Records from a dataset:
________________

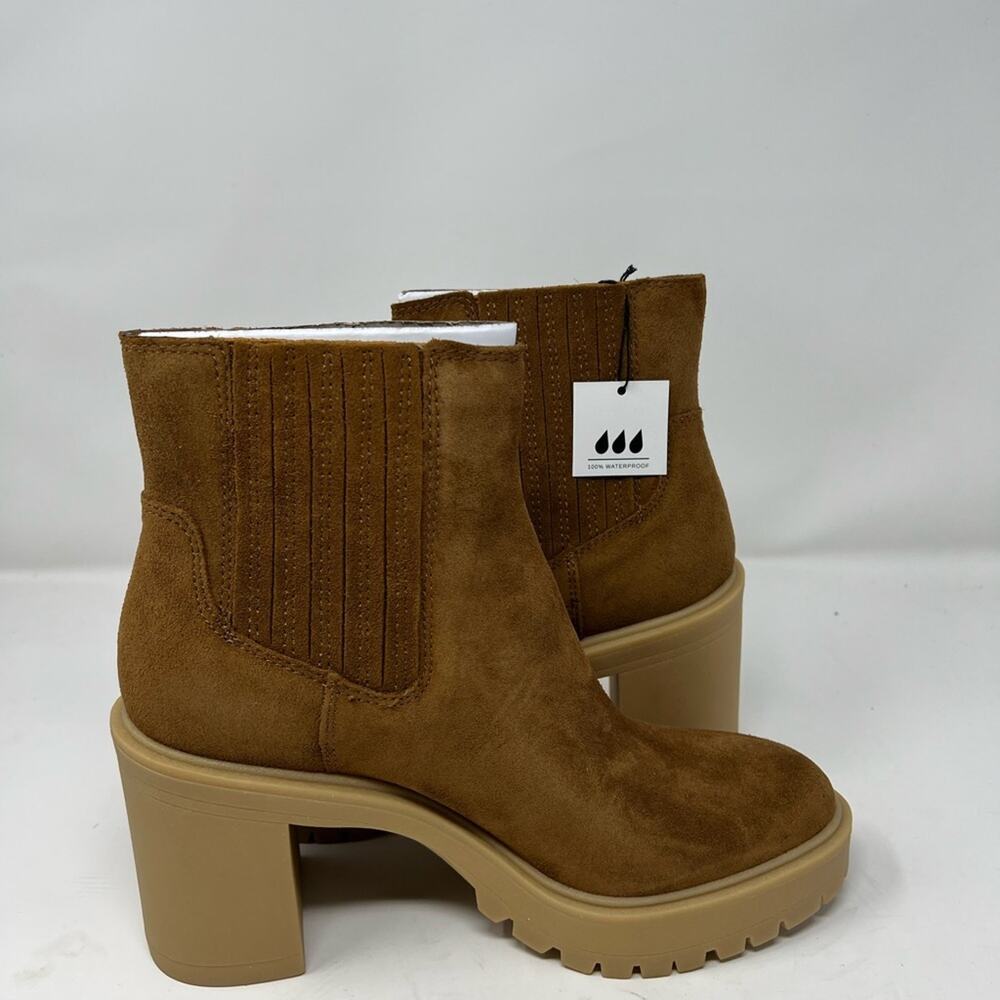 Dolce Vita Caster H2O Booties Camel Heeled Boot Suede Maximalist NIB 9 - Picture 5 of 6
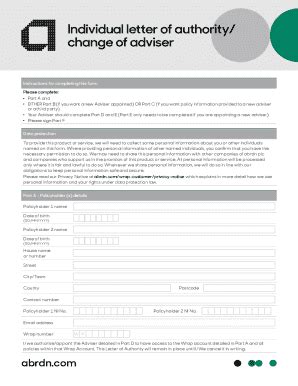 Fillable Online Letter of Authority/Change of Agent Form Fax Email ...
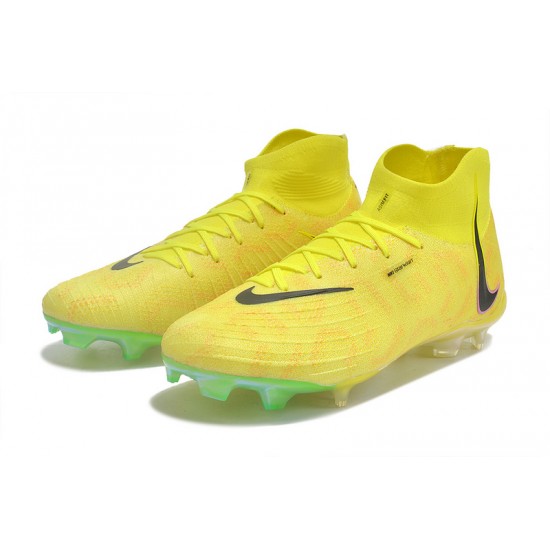 Nike Phantom Luna Elite FG High Top Yellow Black Soccer Cleats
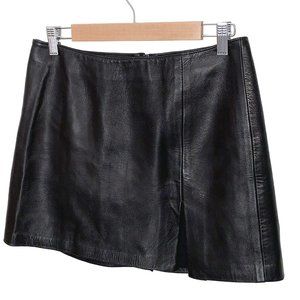 BEBE Rare Vintage Front Slit Genuine Leather Mini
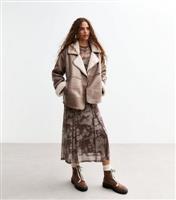 Women's Tall Brown Abstract Print Mesh Godet Midi Dress New Look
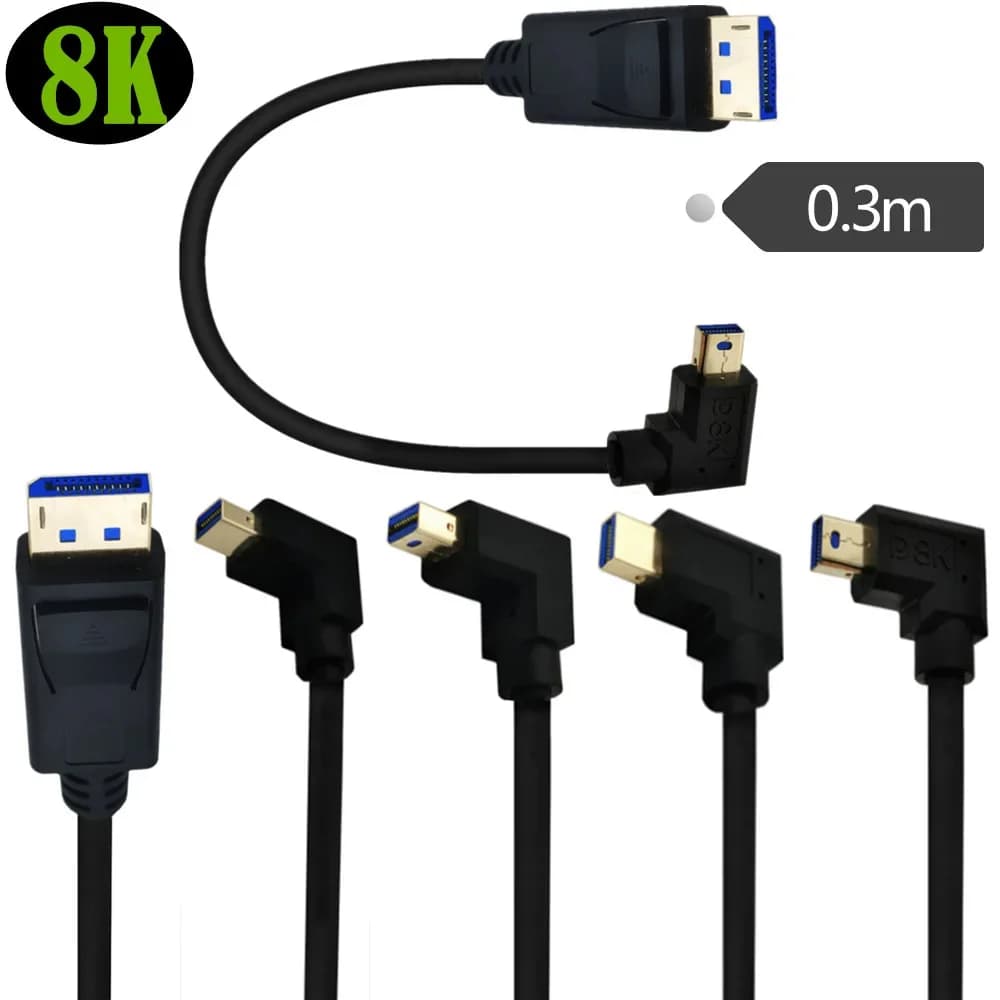 1FT 8K Mini DisplayPort To DisplayPort Cable, Mini DP To DP 1.4 Cable UDLR(Up, Down, Left,Right) Multi-angle for Monitor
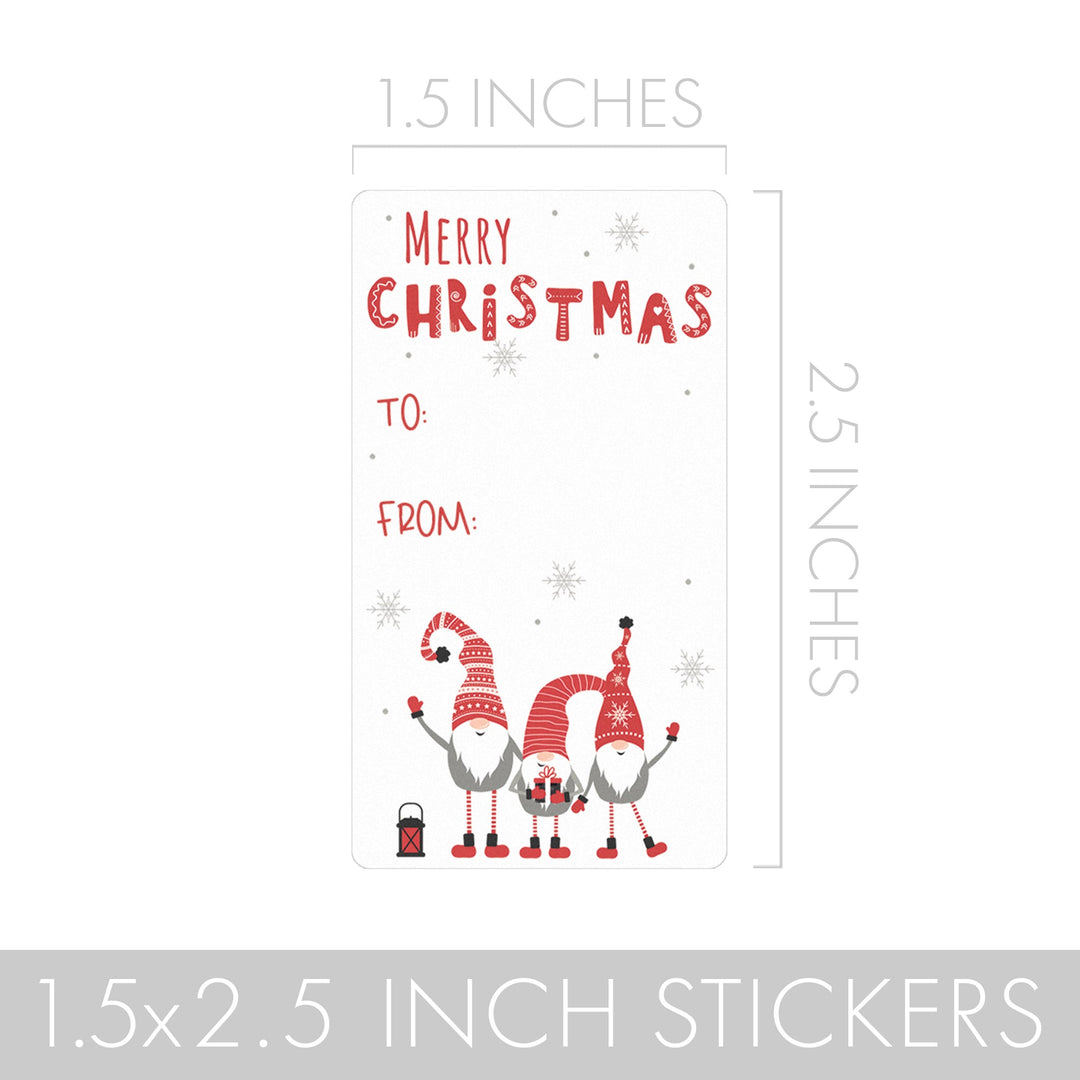 Christmas Gift Tag Stickers: Whimsical Gnome Holiday - 75 Stickers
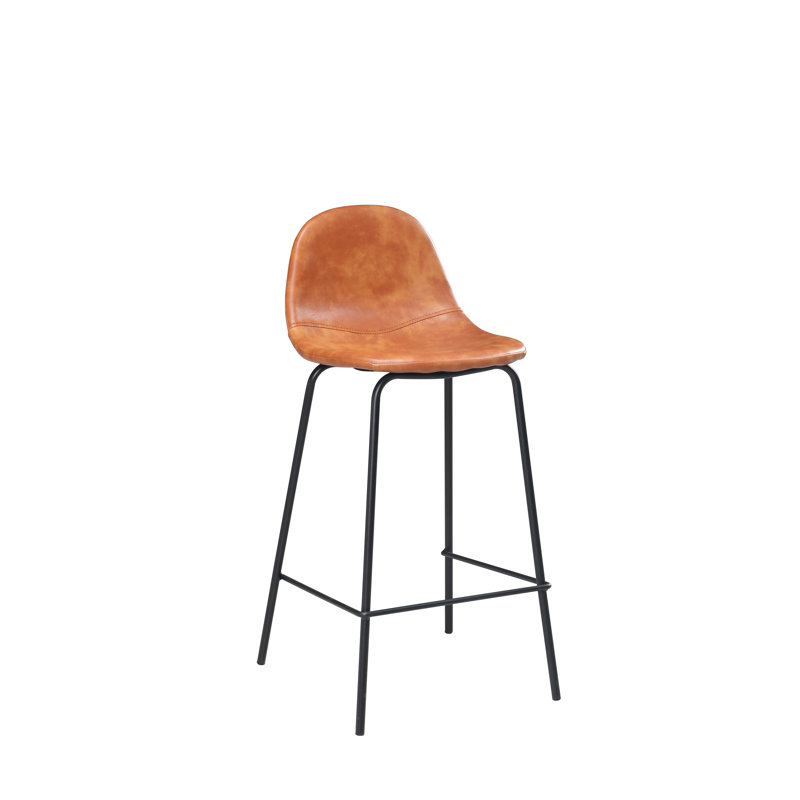 Joshveer Upholstered Counter Stool with Metal Frame, Brown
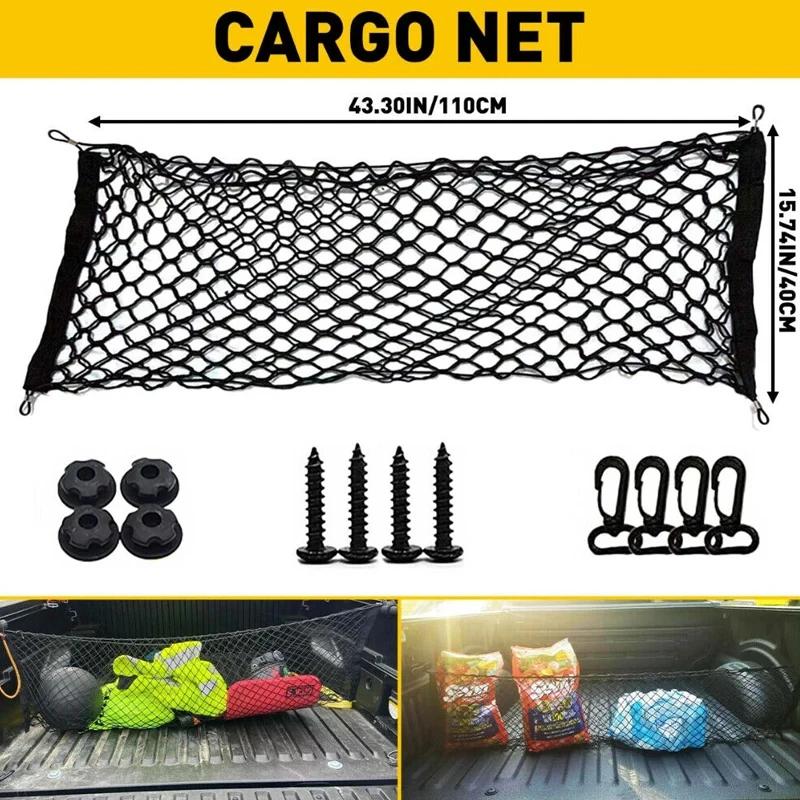 Universal Large Car Cargo Net Nylon Elastic Mesh for Van SUV Truck - Storage Tidy Net with Mesh Pocket for Pickup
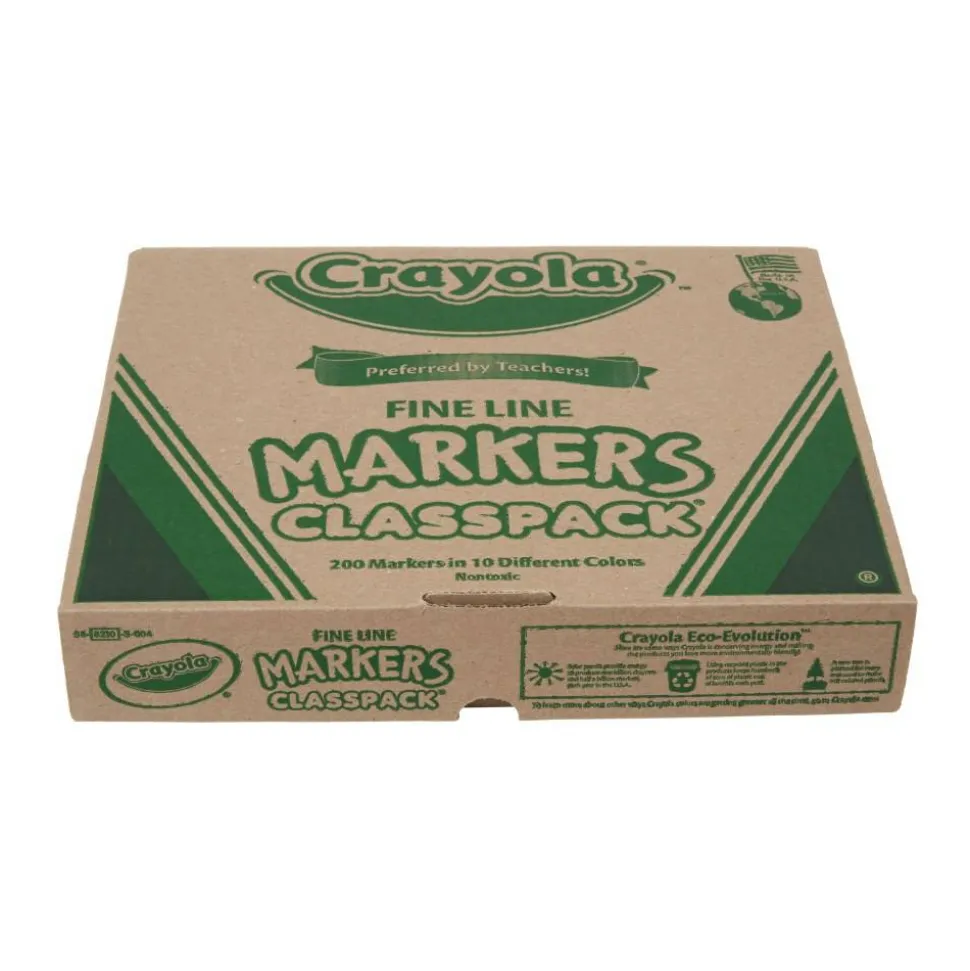 Crayola Fine Line Markers, Assorted Classic Classpack, Box Of 200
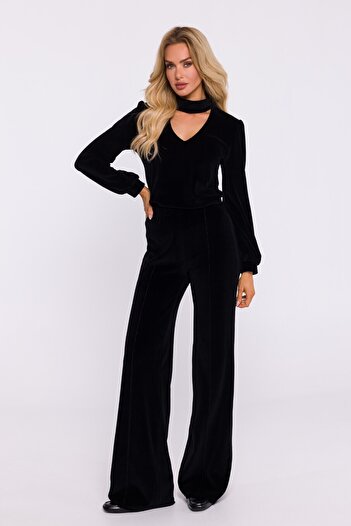 Made of Emotion Velour trousers with wide legs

________________

_What the task requires:_ Please write out all of the data verbatim, with no pictures in the copy.

_Result below:_
 Dolce Vita Caster H2O Booties Camel Heeled Boot Suede Maximalist NIB 9 - Picture 5 of 6
 Fillable Online Letter of Authority/Change of Agent Form Fax Email ...
 Nike Phantom Luna Elite FG High Top Yellow Black Soccer Cleats
 BEBE Rare Vintage Front Slit Genuine Leather Mini
 Women's Tall Brown Abstract Print Mesh Godet Midi Dress New Look
 1FT 8K Mini DisplayPort To DisplayPort Cable, Mini DP To DP 1.4 Cable UDLR(Up, Down, Left,Right) Multi-angle for Monitor
 Christmas Gift Tag Stickers: Whimsical Gnome Holiday - 75 Stickers
 Joshveer Upholstered Counter Stool with Metal Frame, Brown
 Universal Large Car Cargo Net Nylon Elastic Mesh for Van SUV Truck - Storage Tidy Net with Mesh Pocket for Pickup
 Crayola Fine Line Markers, Assorted Classic Classpack, Box Of 200
 Made of Emotion Velour trousers with wide legs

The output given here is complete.